こんにちは。悉皆いちひら代表の河野一平です。

「悉皆(しっかい)」着物業界以外の方にとっては、あまり聞くことのない言葉だと思います。

「ことごとくみな」着物に関することなら何でも、どんなことでもお任せを、そんな意気込みで自身の屋号に「悉皆」と入れました。「いちひら」はお察しの通り、私の名前である一平の読み方違いです。2004年、着物の世界に入る直前に亡くなってしまった父が名付けてくれた名前を冠して、「悉皆いちひら」として2024年春に独立し、京都の山科で仕事を始めました。

独立以前は約20年間、京都・祇園という着物に携わる人間にとって特殊で恵まれた環境の中、シミ抜きの職人として技術を磨き、多くのお客様とも接しながらシミ抜きのこと、着物のこと全般を学び修行しておりました。

接客や集配にも自身で直接伺ってご相談をお受けする中で、シミ抜きや染め替え、仕立直しのこと、リメイクなど着物のお手入れに関しては得意なのですが、正直なところ着装に関しては苦手意識があります。着物を着るのも自分で着ることが精一杯で、人様へのお着付けはできません。。。どんなことでもお任せ下さい、と「悉皆」を名に入れ意気込みながらも、恥ずかしながらこのように苦手なこともあります。

シミ抜きではクリーニング師、1級染色補正技能士、伝統工芸士の称号も得ることができ、何とかお客様のご期待にも応えれる形になってきました。でもまだまだ知らないこと、学ぶことがたくさんあり、この広くて深い着物の世界はとても面白いけど大変な世界で、続けてこられたのはたくさんの方々に今日まで支えていただいたおかげです。本当に感謝しかありません。
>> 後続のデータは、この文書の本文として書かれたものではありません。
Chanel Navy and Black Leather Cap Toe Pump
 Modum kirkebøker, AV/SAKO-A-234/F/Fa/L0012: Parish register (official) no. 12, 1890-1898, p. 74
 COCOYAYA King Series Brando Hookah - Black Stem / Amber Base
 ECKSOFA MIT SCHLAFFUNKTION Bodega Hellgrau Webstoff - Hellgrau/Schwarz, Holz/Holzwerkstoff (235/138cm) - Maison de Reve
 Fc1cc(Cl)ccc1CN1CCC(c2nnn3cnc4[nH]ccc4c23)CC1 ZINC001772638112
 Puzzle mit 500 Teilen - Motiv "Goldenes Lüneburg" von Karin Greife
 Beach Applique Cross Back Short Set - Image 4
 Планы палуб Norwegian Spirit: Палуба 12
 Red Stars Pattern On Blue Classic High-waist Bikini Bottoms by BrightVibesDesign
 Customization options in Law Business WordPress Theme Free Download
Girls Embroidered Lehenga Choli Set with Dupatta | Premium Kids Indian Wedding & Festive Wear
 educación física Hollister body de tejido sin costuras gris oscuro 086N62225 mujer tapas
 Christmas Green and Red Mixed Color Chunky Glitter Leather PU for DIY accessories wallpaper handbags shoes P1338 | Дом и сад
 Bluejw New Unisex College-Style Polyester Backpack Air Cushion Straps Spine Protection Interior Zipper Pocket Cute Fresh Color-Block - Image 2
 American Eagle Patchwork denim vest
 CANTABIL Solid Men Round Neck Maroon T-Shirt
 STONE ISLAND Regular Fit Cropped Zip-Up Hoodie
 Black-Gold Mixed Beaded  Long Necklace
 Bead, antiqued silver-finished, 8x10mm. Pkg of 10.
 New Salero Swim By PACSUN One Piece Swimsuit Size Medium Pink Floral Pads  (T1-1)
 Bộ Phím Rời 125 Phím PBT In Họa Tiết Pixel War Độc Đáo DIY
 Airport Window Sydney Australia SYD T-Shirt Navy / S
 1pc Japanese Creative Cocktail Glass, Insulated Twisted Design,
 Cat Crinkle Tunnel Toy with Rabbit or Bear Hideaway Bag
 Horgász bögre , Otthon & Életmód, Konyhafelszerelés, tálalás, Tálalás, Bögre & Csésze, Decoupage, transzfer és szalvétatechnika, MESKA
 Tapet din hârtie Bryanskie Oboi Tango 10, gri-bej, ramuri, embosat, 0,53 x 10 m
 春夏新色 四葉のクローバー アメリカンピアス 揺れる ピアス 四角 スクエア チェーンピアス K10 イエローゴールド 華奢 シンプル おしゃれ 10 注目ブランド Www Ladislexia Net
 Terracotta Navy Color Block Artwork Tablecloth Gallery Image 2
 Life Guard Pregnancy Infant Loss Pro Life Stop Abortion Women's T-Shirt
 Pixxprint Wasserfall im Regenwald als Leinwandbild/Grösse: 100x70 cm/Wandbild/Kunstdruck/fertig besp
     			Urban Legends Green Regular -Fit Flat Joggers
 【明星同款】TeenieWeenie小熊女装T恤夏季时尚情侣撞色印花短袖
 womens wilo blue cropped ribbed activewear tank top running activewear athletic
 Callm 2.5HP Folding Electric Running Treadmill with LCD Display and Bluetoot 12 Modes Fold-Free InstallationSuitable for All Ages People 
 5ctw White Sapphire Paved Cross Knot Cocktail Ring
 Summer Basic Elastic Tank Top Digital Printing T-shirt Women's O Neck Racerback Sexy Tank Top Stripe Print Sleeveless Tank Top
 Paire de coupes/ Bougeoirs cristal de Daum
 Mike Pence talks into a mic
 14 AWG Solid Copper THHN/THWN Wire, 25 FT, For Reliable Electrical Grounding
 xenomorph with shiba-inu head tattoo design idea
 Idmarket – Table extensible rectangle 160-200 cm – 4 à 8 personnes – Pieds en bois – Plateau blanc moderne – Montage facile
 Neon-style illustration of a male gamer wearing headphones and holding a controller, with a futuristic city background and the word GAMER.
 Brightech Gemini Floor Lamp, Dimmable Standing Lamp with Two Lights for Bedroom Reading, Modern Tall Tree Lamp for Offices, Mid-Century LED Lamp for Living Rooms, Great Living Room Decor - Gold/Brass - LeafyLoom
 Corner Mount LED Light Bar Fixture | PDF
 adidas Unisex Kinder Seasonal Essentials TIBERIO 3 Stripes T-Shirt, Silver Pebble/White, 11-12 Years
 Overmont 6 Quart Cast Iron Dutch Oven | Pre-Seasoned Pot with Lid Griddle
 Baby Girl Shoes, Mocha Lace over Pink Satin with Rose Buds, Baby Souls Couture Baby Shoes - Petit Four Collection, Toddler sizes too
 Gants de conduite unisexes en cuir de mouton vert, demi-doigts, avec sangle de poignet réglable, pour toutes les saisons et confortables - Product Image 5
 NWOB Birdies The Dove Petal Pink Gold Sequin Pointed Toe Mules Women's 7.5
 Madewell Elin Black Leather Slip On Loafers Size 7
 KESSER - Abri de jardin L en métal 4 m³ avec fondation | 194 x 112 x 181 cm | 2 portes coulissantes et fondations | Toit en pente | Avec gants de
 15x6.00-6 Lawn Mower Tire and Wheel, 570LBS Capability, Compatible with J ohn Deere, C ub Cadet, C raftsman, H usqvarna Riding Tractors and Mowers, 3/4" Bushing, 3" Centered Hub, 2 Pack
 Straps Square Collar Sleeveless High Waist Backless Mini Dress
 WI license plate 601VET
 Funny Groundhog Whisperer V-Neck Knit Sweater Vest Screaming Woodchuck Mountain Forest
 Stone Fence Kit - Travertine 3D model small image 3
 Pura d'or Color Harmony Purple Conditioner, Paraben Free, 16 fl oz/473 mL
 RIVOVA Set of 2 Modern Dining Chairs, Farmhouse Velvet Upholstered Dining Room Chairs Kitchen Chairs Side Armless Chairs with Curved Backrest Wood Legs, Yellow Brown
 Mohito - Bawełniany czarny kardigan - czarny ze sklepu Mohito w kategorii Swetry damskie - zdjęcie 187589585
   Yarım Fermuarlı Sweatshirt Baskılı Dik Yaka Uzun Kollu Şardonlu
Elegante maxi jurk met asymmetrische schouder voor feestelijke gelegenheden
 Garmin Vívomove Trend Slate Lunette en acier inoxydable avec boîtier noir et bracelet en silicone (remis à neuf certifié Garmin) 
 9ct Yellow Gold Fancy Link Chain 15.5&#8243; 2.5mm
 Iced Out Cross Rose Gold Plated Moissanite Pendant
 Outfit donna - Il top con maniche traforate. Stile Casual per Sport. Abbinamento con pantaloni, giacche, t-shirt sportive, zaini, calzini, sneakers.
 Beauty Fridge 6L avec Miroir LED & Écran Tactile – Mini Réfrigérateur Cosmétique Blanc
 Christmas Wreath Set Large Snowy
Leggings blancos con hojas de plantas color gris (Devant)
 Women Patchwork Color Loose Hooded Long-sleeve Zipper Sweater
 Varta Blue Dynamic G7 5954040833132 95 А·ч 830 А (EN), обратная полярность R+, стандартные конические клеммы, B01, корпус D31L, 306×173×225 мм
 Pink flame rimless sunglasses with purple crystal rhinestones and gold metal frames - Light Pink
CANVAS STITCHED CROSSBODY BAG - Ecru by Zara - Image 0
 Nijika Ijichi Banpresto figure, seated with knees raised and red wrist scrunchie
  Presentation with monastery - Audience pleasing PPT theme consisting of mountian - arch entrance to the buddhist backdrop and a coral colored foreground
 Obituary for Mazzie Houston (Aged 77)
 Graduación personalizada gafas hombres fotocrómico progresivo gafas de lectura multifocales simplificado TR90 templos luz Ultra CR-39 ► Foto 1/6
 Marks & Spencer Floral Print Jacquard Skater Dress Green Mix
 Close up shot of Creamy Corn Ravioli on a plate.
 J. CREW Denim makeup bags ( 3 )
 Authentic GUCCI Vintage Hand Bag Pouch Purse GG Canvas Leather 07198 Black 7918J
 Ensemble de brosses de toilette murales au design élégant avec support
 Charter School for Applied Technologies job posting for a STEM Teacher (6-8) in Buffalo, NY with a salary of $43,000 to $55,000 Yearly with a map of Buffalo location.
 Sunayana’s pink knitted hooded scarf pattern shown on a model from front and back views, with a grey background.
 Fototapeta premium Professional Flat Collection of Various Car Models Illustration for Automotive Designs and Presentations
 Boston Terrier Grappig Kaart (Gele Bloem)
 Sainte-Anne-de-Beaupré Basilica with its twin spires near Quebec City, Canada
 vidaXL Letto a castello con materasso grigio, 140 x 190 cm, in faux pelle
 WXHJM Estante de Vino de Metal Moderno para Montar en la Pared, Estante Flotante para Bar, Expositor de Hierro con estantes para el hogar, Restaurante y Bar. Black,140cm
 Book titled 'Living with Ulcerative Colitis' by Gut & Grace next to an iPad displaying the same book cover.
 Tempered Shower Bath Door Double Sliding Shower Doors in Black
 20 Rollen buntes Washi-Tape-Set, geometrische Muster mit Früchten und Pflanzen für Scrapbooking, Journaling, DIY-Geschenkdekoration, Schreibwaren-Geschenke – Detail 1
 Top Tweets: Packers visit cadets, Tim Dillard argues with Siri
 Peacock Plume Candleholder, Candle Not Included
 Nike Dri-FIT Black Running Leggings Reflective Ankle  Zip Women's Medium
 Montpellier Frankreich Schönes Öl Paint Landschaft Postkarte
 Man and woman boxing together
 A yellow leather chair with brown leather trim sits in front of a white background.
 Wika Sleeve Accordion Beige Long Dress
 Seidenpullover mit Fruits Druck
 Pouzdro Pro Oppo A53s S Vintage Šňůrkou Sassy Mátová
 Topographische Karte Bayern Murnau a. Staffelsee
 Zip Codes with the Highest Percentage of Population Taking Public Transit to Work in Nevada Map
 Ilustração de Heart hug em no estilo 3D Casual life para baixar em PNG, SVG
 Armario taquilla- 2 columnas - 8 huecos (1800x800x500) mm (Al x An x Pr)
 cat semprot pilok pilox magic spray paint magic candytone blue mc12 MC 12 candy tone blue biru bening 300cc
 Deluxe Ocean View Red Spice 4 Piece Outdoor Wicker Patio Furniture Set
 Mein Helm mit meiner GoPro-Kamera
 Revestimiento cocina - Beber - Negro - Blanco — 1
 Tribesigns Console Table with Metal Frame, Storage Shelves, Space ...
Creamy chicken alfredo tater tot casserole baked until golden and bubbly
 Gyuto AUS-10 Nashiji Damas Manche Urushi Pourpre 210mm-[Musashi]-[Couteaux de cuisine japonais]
これからも人の想いや繋がりを大切にして、一職人として日々精進し皆様に喜んでいただける誠実な仕事をお届けしたいと思います。そして、伝統産業の未来がより良い形を描いていけるように、誰もが安心して着物を楽しめる、透明性と持続性のある業界を目指して、微力ながら努めていきたいと考えております。